Lancashire Voices: Definite Article reduction in Lancaster, north-west England.


References

• Fromont, Robert & Hay, Jennifer. 2003-2023. LaBB-CAT. Version 20230719.1156 [software]. New Zealand Institute of Language, Brain and Behaviour, University of Canterbury. New Zealand. https://labbcat.canterbury.ac.nz/system/
• Jones, Mark. 2007. ‘Glottals and Grammar: Definite Article Reduction and Morpheme Boundaries’. Leeds Working Papers in Linguistics and Phonetics 12.
• Posit Team. 2023. R Studio: Integrated Development Environment for R. Posit Software. PBC. Boston, MA. http://www.posit.com/
• Rupp, Laura & Page-Verhoeff, Hanne. 2005. Pragmatic and historical aspects of Definite Article Reduction in northern English dialects. English World-Wide 26:3. 325–346.
• Tagliamonte, Sali. & Roeder, Rebecca. 2009. Variation in the English definite article: Socio-historical linguistics in t’speech community. Journal of Sociolinguistics 13:4. 435–471
• Hollmann, W. & Siewierska, A. 2011. ‘The status of frequency, schemas, and identity in Cognitive Sociolinguistics: A case study on definite article reduction’. Cognitive Linguistics 22:1.

Abstract

This poster presents the results of an ongoing study into Definite Article Reduction (DAR) in Lancaster, north-west England. DAR is a salient feature of northern British English speech, where the word “the” is omitted or reduced to one of several forms including [t] [θ], [ʔ] or [∅] (Jones, 2007).
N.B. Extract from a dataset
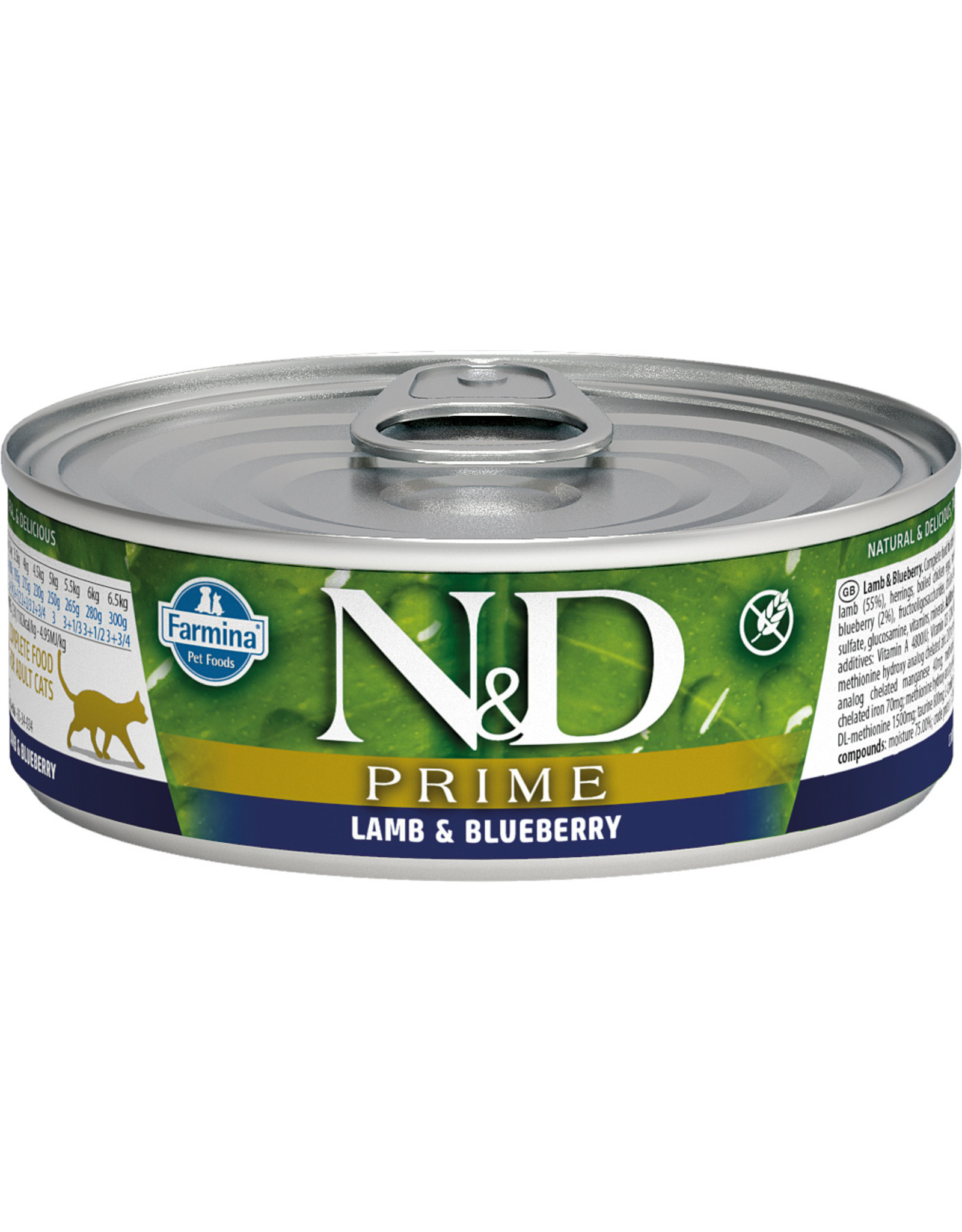 Farmina N&D Farmina N&D Prime Lamb & Blueberry Wet Cat Food 2.8oz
Importantly, previous studies have shown that DAR is not used exclusively, with usage rates in different parts of northern England ranging from as high as 71% (Petyt, 1985) to as low as 19.1% (Tagliamonte & Roeder, 2009). The literature also shows certain grammatical and phonetic environments are more favourable for DAR than others (Rupp & Page-Verhoeff, 2005; Jones, 2007; Tagliamonte & Roeder, 2009; Hollmann & Siewierska, 2011).

Although much of this previous work has been carried out a relatively small scale, Tagliamonte & Roeder (2009) carried out a larger scale study into the grammatical and phonetic constraints of DAR in the city of York, north-east England. This work follows that variationist approach and will offer more recent results from the north-west of England.

The data analysed has been drawn from recorded oral history interviews and focus on the small, historic city of Lancaster, in the far north-west of Lancashire. The data is drawn from 3 male and 3 female participants, born in the city between 1883-1942.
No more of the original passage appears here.